Not surprisingly, a large group of artists also objected to Nieuwerkerke's change to the rules for the 1863 Salon. Ten days after the publication of the regulations, on January 25, a letter with a signed petition was sent to the Minister of State, the Comte de Walewski, who was Nieuwerkerke's superior as well as an illegitimate son of Napoléon Bonaparte.
24
The letter complained that the new proviso was prejudicial to the fortunes of French artists. It argued that the Salon was intended to operate as a kind of shop window for collectors, and so exhibition in the Palais des Champs-Élysées was absolutely vital to the economic well-being of artists. Nieuwerkerke's new regulations left them, however, with an even poorer chance of having their wares displayed. "A measure that would result in making it impossible for us to present to the public the fruit of our work," the petition read, "would go, it seems to us, precisely against the spirit that presided over the creation of the Salon."
25

This letter concluded with a hope that the Comte de Walewski would "do the right thing with a complaint which is, for us, of such a high interest."
26
Six sheets of paper adorned with 182 signatures were attached. Many of the most prominent and successful artists in France had added their names, including both Delacroix and Jean-Auguste-Dominique Ingres, bitter professional rivals who usually disagreed on everything. Also signing the petition were a pair of accomplished landscape painters, Camille Corot and Eugène Isabey, the latter of whom had once been court painter to King Louis-Philippe. However, the signature boldly leading the charge, the one scrawled with a thick-nibbed pen at the top of the first page, was that of Ernest Meissonier.

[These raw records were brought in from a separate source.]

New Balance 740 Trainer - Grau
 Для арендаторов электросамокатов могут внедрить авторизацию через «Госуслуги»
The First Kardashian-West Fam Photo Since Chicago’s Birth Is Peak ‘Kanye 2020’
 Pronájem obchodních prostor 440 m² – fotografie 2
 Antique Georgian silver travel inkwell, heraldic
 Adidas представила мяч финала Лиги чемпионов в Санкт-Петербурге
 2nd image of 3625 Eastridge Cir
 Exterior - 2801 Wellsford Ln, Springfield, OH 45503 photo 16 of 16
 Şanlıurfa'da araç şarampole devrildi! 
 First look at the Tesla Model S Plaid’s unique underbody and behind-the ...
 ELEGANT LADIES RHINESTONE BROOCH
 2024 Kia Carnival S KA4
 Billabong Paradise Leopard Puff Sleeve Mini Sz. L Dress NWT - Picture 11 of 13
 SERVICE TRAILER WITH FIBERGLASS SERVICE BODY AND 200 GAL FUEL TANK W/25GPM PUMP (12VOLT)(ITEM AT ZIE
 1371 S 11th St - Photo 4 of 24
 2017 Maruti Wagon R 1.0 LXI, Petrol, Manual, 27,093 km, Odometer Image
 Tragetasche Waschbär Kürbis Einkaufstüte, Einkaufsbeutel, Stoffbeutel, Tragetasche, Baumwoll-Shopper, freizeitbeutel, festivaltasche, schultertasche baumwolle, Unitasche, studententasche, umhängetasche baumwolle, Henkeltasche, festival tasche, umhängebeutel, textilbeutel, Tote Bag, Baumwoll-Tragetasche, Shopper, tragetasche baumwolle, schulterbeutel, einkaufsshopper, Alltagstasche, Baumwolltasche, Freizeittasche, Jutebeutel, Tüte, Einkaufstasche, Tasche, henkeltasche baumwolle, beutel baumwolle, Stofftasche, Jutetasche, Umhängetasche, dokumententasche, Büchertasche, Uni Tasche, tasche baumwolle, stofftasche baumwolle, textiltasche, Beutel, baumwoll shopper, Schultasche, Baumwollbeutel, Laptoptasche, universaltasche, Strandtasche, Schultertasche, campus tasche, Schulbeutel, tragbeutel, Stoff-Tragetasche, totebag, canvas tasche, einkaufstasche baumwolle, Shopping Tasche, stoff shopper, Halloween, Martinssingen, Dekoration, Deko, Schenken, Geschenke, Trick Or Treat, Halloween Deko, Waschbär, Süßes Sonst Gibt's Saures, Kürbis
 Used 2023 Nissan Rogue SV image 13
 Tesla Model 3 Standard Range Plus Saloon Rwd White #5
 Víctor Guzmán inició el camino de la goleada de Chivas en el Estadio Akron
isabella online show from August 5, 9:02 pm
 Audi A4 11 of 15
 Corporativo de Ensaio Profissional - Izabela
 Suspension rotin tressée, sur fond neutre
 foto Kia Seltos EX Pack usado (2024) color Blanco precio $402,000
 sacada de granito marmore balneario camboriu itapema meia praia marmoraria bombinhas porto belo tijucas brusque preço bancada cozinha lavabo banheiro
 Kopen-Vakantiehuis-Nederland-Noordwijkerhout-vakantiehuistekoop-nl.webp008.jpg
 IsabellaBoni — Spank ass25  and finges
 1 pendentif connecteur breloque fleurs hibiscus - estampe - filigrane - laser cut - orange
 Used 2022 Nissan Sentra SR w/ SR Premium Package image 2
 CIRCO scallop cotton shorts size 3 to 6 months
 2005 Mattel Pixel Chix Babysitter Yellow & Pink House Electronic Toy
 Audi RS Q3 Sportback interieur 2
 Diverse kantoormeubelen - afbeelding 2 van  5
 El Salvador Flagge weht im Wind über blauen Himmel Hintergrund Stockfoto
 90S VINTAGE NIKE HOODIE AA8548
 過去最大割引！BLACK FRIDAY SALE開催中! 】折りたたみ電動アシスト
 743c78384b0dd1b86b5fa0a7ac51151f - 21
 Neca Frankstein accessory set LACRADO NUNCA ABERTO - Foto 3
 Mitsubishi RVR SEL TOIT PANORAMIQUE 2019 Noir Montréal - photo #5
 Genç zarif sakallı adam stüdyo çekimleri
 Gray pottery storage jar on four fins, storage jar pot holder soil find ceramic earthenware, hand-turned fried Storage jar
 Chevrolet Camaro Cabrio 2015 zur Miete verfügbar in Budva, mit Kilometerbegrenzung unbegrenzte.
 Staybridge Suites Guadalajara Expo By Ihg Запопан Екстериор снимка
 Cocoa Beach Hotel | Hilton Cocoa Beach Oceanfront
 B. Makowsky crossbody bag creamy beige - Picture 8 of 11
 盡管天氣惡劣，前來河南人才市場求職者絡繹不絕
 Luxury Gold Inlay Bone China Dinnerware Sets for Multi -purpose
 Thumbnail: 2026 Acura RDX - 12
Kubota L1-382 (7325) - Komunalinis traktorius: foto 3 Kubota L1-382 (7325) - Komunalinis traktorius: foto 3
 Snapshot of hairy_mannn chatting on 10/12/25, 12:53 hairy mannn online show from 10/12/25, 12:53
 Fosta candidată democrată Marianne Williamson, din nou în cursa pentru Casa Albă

Meissonier and Nieuwerkerke knew one another well. Meissonier had attended the soirées hosted by Princess Mathilde on Sunday evenings at her mansion in the Rue de Courcelles, and he and Nieuwerkerke shared a number of friends, such as Théophile Gautier. In 1855, moreover, Nieuwerkerke had been Vice President of the International Awards Jury when it presented Meissonier with the Grand Medal of Honor at the Universal Exposition in Paris. For these and other reasons, Nieuwerkerke might have expected Meissonier, of all people, to support his latest reform. After all, Meissonier was guaranteed a place at every Salon since he was classified as
hors concours
("outside the competition"). This distinction, given only to those who had received three major awards at previous Salons, meant he was not required to submit his work to the jury for inspection. Nor was he guilty of the practice that Nieuwerkerke wished to snuff out—that of dashing off half-finished paintings and hoping that one or two of them might slip past the jury. Meissonier sought, indeed, the same high standards of morality and aesthetic purity as Nieuwerkerke: he regarded mediocre artists, he once said, as "national scourges."